Tiny Announces Filing of Prospectus Supplement

In This Article:

Final Short Form Prospectus and Prospectus Supplement are Accessible on SEDAR+

Victoria, British Columbia--(Newsfile Corp. - April 2, 2025) - Tiny Ltd. (TSXV: TINY) ("Tiny" or the "Company"), a Canadian technology holding company that acquires wonderful businesses for the long term, announces that, further to its news release of March 31, 2025, it has filed a prospectus supplement dated April 2, 2025 (the "Prospectus Supplement") to its final short form base shelf prospectus dated September 29, 2023 (as supplemented by the Prospectus Supplement, the "Prospectus") with the securities commissions in each of the provinces of Canada pursuant to its public offering of 17,400,000 subscription receipts (the "Subscription Receipts") at a price of $1.15 per Subscription Receipt for aggregate gross proceeds of $20,010,000, plus an over-allotment option of 15% (the "Offering"). Canaccord Genuity Corp. and Roth Canada, Inc. are acting as co-lead underwriters for the Offering. The Offering is expected to close on or about April 9, 2025.

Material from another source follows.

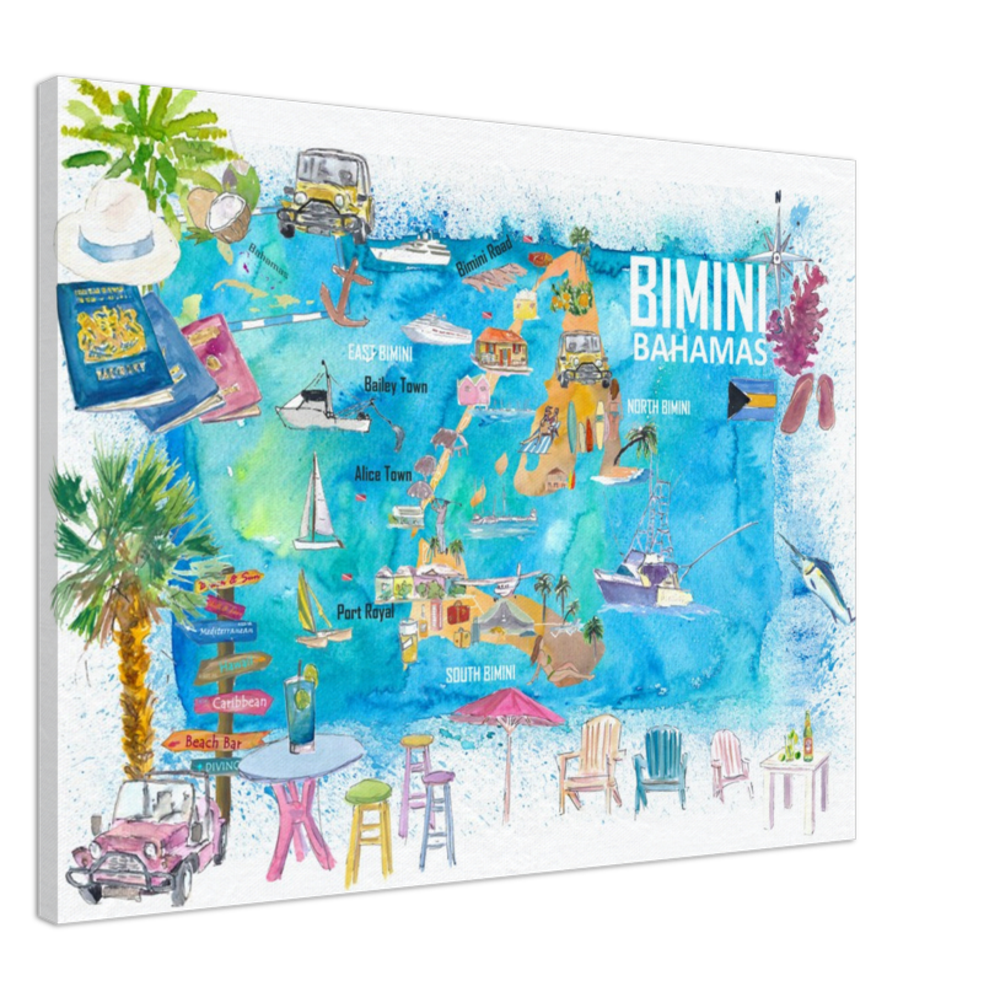 Bimini Bahamas Illustrated Map with Island Tourist Highlights - Fine Art Print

Prospectus is Accessible through SEDAR+

Access to the Prospectus and any amendment thereto is provided, and delivery thereof will be satisfied, in accordance with the "access equals delivery" provisions of applicable securities legislation. The Prospectus is accessible on the Company's profile at SEDAR+ at www.sedarplus.ca. An electronic or paper copy of the Prospectus and any amendment to the documents may be obtained, without charge, from Canaccord Genuity Corp. at 40 Temperance Street, Suite 2100, Toronto ON, M5H 0B4, by telephone at (416) 869-9280 or by email at ecm@cgf.com, by providing the contact with an email address or address, as applicable. Prospective investors should read the Final Prospectus in its entirety before making an investment decision.

The Subscription Receipts and the underlying warrants and common shares (including such common shares underlying the warrants) have not been, nor will they be, registered under the United States Securities Act of 1933, as amended, (the "1933 Act") and may not be offered, sold or delivered, directly or indirectly, in the United States, or to, or for the account or benefit of, "U.S. persons" (as defined in Regulation S under the 1933 Act), except pursuant to an exemption from the registration requirements of the 1933 Act. This press release does not constitute an offer to sell or a solicitation of an offer to buy any Subscription Receipts or the underlying warrants and common shares (including such common shares underlying the warrants) in the United States or to, or for the account or benefit of, U.S. persons.